Antes de investir na divulgação de um destino turístico, é fundamental assegurar que este destino esteja em condições para receber os turistas. E se a opção é ‘turismo em acção’, no mar e em terra, - para a Região ter turistas que regressem uma segunda vez, eles têm que ter todas as condições de conforto e segurança nas actividades que desenvolvam.
E este governo dos Açores sabe – porque já ouviu de alguns operadores turísticos micaelenses – que os turistas nórdicos que procuram a ilha de São Miguel estão cada vez mais a optar por trilhos pedestres de tal forma que este produto turístico se encontra já, em termos de procura, quase ao mesmo nível que a observação de cetáceos.
E, neste contexto, o facto de alguns trilhos pedestres micaelenses não terem solução rápida, em termos de segurança, constitui um revés para o turismo na Região. E não há exageros nesta observação. Sabemos das centenas de turistas e que turistas encontramos nos trilhos pedestres de São Miguel.
O governo tem que dar grande atenção no trilho pedestre do Sanguinho, onde a manutenção do Salto do Prego deve ser uma preocupação constante. E deve agir rapidamente no trilho pedestre entre a Ponta Garça e a Ribeira Quente, passando pela praia da Amora, praia dos Amores e toda uma costa emblemática da paisagem micaelense. É certo que não é fácil uma solução para este trilho numa zona mesmo junto à praia da Ribeira Quente, mas não se pode baixar os braços.
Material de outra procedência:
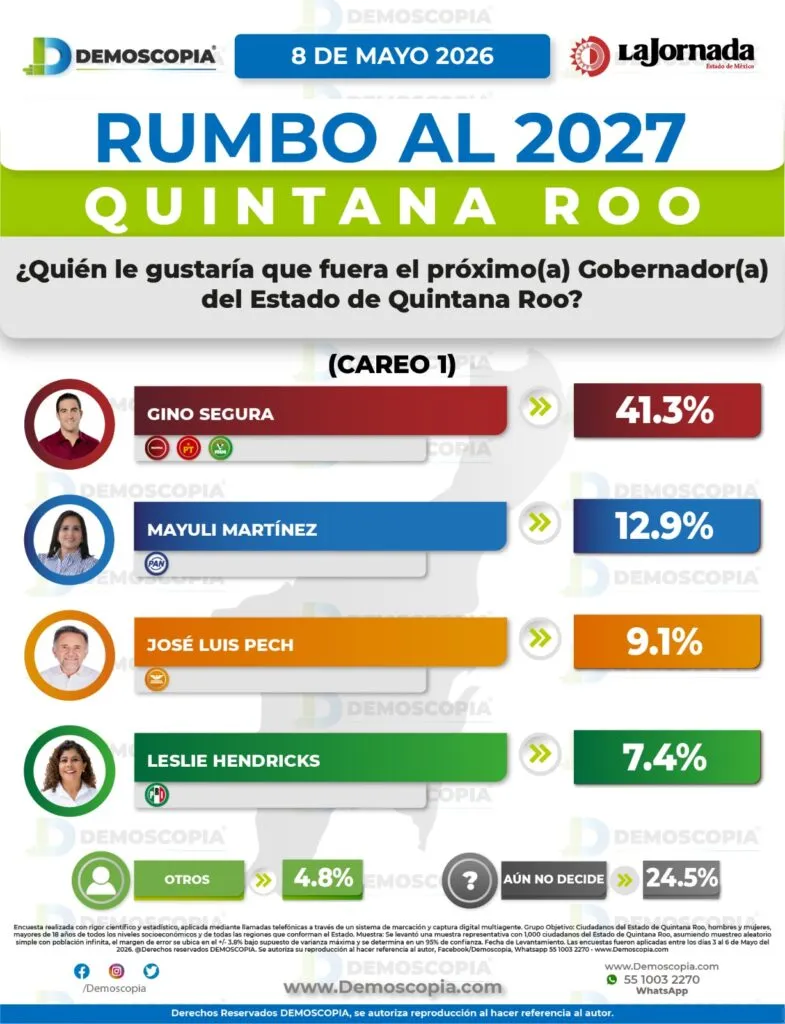 Gino Segura abre ventaja en Morena para la gubernatura de Quintana Roo en 2027
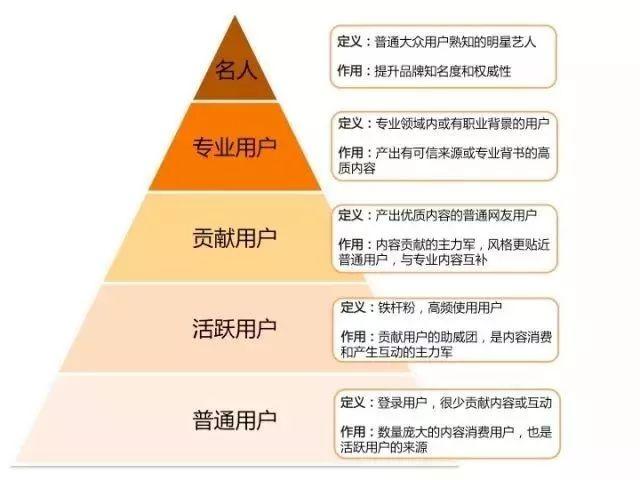 小紅書運營推廣，小紅書種草攻略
O que não é mesmo aceitável é não reabrir já este trilho em direcção à praia da Amora encontrando solução para o escorregamento de terras que o cortou mesmo à entrada a partir da Ponta Garça.
E outros trilhos pedestres existem pela ilha de São Miguel a que o executivo açoriano tem de ‘pôr ombros’, em termos de manutenção constante, para assegurar um produto turístico que tem grande dimensão no destino Açores.
E, se – mesmo em tempo de crise - é preciso reforçar as verbas para a manutenção dos trilhos, então que se tome esta decisão antes de investir na promoção turística.
É este alerta que queremos deixar aqui nesta nota com o Verão à porta e a necessidade de aumentar os fluxos turísticos dos países do norte da Europa e também dos Estados Unidos e Canadá.